Handwritten Text Recognition for manuscripts and early printed texts
Handwritten Text Recognition for manuscripts and early printed textsHandwritten Text Recognition for manuscripts and early printed texts
Handwritten Text Recognition for manuscripts and early printed texts
 
08448380779 Call Girls In Civil Lines Women Seeking Men
08448380779 Call Girls In Civil Lines Women Seeking Men08448380779 Call Girls In Civil Lines Women Seeking Men
08448380779 Call Girls In Civil Lines Women Seeking Men
 
[2024]Digital Global Overview Report 2024 Meltwater.pdf
[2024]Digital Global Overview Report 2024 Meltwater.pdf[2024]Digital Global Overview Report 2024 Meltwater.pdf
[2024]Digital Global Overview Report 2024 Meltwater.pdf
 
How to Troubleshoot Apps for the Modern Connected Worker
How to Troubleshoot Apps for the Modern Connected WorkerHow to Troubleshoot Apps for the Modern Connected Worker
How to Troubleshoot Apps for the Modern Connected Worker
 
CNv6 Instructor Chapter 6 Quality of Service
CNv6 Instructor Chapter 6 Quality of ServiceCNv6 Instructor Chapter 6 Quality of Service
CNv6 Instructor Chapter 6 Quality of Service
 
Apidays Singapore 2024 - Building Digital Trust in a Digital Economy by Veron...

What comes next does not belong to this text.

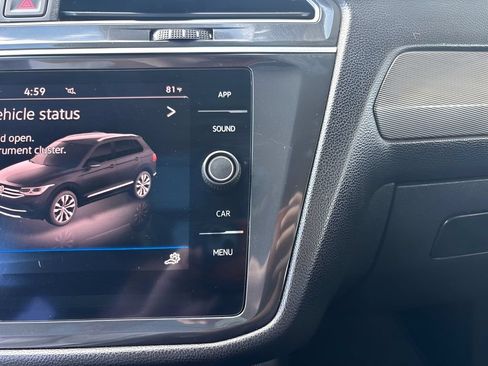 Used 2022 Volkswagen Tiguan SE w/ Panoramic Sunroof Package FWD image 28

Apidays Singapore 2024 - Building Digital Trust in a Digital Economy by Veron...Apidays Singapore 2024 - Building Digital Trust in a Digital Economy by Veron...

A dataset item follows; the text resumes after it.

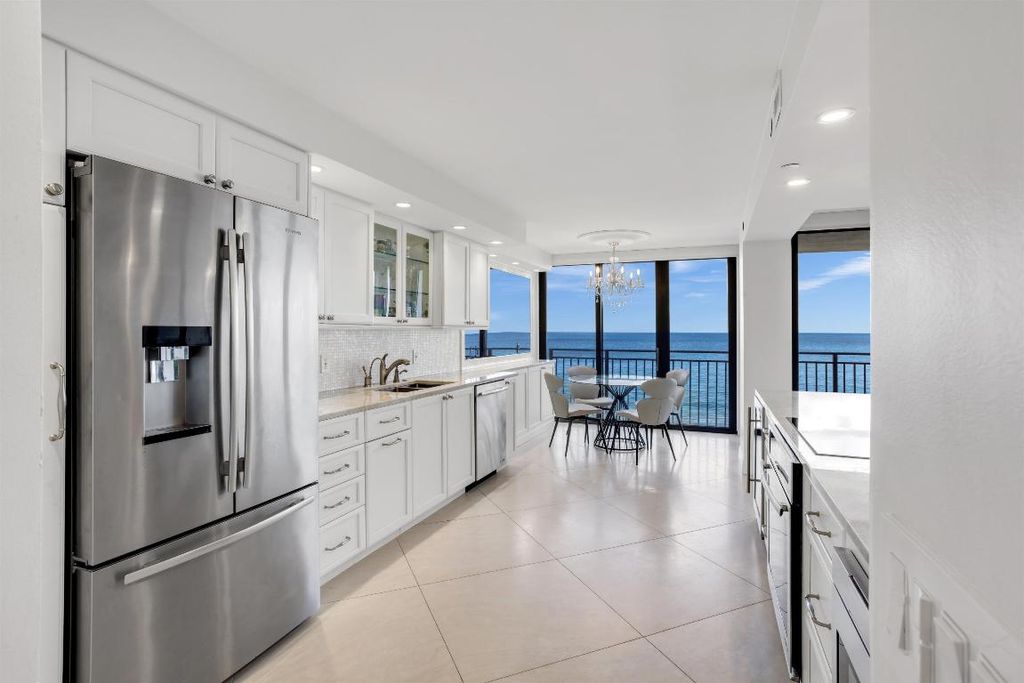 Image 10 of property listing at 1800 S Ocean Boulevard 6-B, Boca Raton, FL 33432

Apidays Singapore 2024 - Building Digital Trust in a Digital Economy by Veron...
 

A complete hadoop stack

  • 1. A Complete Hadoop Stack Abhra Pal April - 2016
  • 2. Background I have been working and experimenting with Hadoop for sometime now. Now that I know and understand, it reminds me how I started and struggled getting the right direction in designing a complete Hadoop stack. While Hadoop gives you a lot of flexibility, it also creates a confusion because there are many directions you can choose and integrate with your core solution. So here, I present my version of it. This is also my first publication on slideshare – so apologies if your find mistakes. I have only used Apache Hadoop (version 2.6.2) and all open source projects. For you to be able to understand the technical solution, you need to understand Hadoop core concepts, NOSQL, Columnar Database, grid, CGI, Python, JSON and Javascript.

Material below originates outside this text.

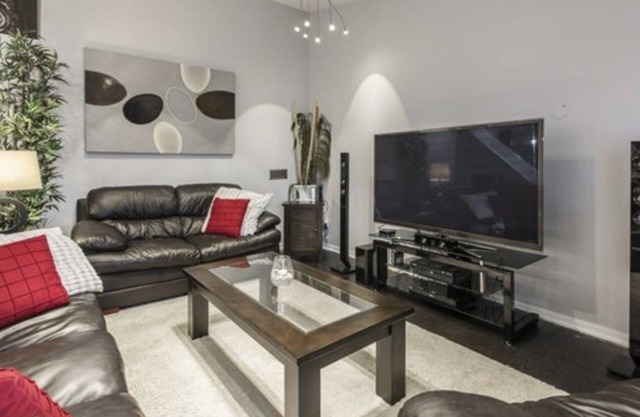 BOOK NOW!! King bed! Entire Home! Perfect location. 5 star accommodation!!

  • 3. Solution : My Hadoop Technology Stack Data Acquisition Data Transformation Data Exploration & Prediction Data Lake Output Data Exploitation File Based data using Hadoop shell PIG for loading R (but there are challenges of using R with full capacity of Hadoop) MONGODB with mongo-Hadoop connectors to store the output from data transformations Python CGI to create a web application Web Service Data using FLUME HIVE for query based operations on structured data Python libraries like NUMPY / SCIPY for machine learning PIG will move the data from HIVE to MONGO JQUERY to bind JSON responses with D3 Structured Data using SQOOP HBASE for columnar data The whole stack / cluster can be built on Ubuntu 64 bit OS – 14.04 and Hadoop 2
  • 4. Architecture / Interface Diagram HADOOP Cluster MongoDB Cluster Application Server SQOOP Flume Hadoop Shell HDFS HIVE PIG Python Machine Learning Router / Query Servers (≥2) Config Server (≥2) Shard / Replica (≥2) HCATALOG Python CGI JQUERYMongo REST D3 PiMONGO Mongo Hadoop Mongo Hadoop
  • 5. Conclusion, Alternatives & Further Reading I wanted to keep this simple and straight forward – so I have kept the details. If you like to know further details – I would love to explain to do so with examples. Spark coming in a big way ahead – would definitely provide us more solutions on designing the stack – specially the Spark R libraries, but spark is compatible with Python. Different adapters are improving for R-Hadoop and sure this will improve in time to come. The main idea of my solution is that HIVE alone can not suffice for a real time dashboard and hence the output of processed data and exploration needs to be taken out of Hadoop. The reason for using MONGODB in my stack is the flexibility and that MONGO offers an automatic REST API on all its collections.